### To do:
Pull every line that includes the word "vector" from the data.

Stored data:
━━━━━━
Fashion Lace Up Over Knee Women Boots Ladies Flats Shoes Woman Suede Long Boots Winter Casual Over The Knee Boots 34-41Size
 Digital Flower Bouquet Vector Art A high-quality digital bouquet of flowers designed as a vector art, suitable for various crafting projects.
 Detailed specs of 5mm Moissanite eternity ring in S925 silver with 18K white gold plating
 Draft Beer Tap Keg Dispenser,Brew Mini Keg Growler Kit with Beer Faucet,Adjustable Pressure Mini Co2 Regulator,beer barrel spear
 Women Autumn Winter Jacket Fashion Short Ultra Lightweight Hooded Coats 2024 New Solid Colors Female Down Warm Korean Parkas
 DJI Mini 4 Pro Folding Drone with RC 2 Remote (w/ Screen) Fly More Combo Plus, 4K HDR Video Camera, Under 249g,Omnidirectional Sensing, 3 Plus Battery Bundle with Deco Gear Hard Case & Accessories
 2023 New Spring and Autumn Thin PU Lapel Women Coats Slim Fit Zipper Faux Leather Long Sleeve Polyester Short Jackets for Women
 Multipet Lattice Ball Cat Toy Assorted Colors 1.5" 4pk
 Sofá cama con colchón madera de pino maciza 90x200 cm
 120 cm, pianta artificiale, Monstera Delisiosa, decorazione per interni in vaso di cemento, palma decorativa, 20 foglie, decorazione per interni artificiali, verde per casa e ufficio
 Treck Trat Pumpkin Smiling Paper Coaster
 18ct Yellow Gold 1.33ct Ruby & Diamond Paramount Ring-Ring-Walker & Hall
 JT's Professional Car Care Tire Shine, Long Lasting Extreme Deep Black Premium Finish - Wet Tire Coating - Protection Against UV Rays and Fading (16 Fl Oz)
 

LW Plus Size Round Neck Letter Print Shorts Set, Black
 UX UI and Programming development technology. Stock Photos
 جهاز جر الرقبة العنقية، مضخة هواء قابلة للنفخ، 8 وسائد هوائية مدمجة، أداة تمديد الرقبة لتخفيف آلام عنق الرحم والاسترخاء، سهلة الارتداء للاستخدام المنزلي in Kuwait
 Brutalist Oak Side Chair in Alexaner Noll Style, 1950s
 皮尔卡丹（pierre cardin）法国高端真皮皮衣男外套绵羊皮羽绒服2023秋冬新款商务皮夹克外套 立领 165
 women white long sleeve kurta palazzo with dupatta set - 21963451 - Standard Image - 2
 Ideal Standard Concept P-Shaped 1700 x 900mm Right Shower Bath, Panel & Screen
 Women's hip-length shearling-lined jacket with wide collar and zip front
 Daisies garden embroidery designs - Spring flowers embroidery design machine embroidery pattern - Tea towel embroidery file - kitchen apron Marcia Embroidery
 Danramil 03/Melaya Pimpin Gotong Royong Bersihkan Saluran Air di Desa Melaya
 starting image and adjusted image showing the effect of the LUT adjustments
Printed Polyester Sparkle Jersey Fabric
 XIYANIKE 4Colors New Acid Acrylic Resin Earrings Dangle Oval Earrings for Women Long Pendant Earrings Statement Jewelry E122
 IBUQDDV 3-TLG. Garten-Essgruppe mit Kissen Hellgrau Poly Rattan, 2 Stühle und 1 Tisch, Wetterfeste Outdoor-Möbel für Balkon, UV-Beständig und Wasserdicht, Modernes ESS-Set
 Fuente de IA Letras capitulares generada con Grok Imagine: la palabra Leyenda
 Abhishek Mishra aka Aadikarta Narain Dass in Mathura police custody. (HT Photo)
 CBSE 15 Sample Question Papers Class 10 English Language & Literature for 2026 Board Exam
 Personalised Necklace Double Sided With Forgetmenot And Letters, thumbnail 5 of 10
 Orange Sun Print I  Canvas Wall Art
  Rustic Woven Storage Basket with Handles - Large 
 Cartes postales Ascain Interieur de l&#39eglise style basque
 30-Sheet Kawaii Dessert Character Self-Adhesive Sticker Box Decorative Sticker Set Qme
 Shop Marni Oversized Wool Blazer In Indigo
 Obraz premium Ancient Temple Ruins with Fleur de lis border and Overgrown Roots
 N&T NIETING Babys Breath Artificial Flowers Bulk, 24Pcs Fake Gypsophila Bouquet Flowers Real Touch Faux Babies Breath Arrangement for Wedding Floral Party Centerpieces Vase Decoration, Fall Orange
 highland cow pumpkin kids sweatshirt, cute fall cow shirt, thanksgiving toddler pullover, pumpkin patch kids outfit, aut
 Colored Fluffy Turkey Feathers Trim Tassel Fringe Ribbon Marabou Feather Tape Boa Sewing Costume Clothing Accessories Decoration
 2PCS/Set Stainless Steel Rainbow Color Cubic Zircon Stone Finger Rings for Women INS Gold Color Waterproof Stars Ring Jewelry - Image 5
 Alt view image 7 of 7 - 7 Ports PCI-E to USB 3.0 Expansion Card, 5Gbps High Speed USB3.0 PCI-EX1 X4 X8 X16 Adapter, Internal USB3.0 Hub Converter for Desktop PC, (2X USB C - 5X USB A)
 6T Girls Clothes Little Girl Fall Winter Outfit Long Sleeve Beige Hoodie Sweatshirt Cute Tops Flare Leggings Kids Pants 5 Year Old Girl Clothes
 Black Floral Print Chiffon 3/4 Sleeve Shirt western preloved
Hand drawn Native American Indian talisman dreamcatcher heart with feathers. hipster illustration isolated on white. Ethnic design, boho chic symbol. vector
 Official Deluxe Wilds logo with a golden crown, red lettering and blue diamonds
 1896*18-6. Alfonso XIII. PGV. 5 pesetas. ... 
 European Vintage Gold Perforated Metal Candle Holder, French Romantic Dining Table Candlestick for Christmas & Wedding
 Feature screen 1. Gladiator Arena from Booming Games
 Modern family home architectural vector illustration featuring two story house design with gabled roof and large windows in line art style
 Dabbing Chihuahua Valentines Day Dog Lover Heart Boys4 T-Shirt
━━━━━━
### Task answer:
 Digital Flower Bouquet Vector Art A high-quality digital bouquet of flowers designed as a vector art, suitable for various crafting projects.
Hand drawn Native American Indian talisman dreamcatcher heart with feathers. hipster illustration isolated on white. Ethnic design, boho chic symbol. vector
 Modern family home architectural vector illustration featuring two story house design with gabled roof and large windows in line art style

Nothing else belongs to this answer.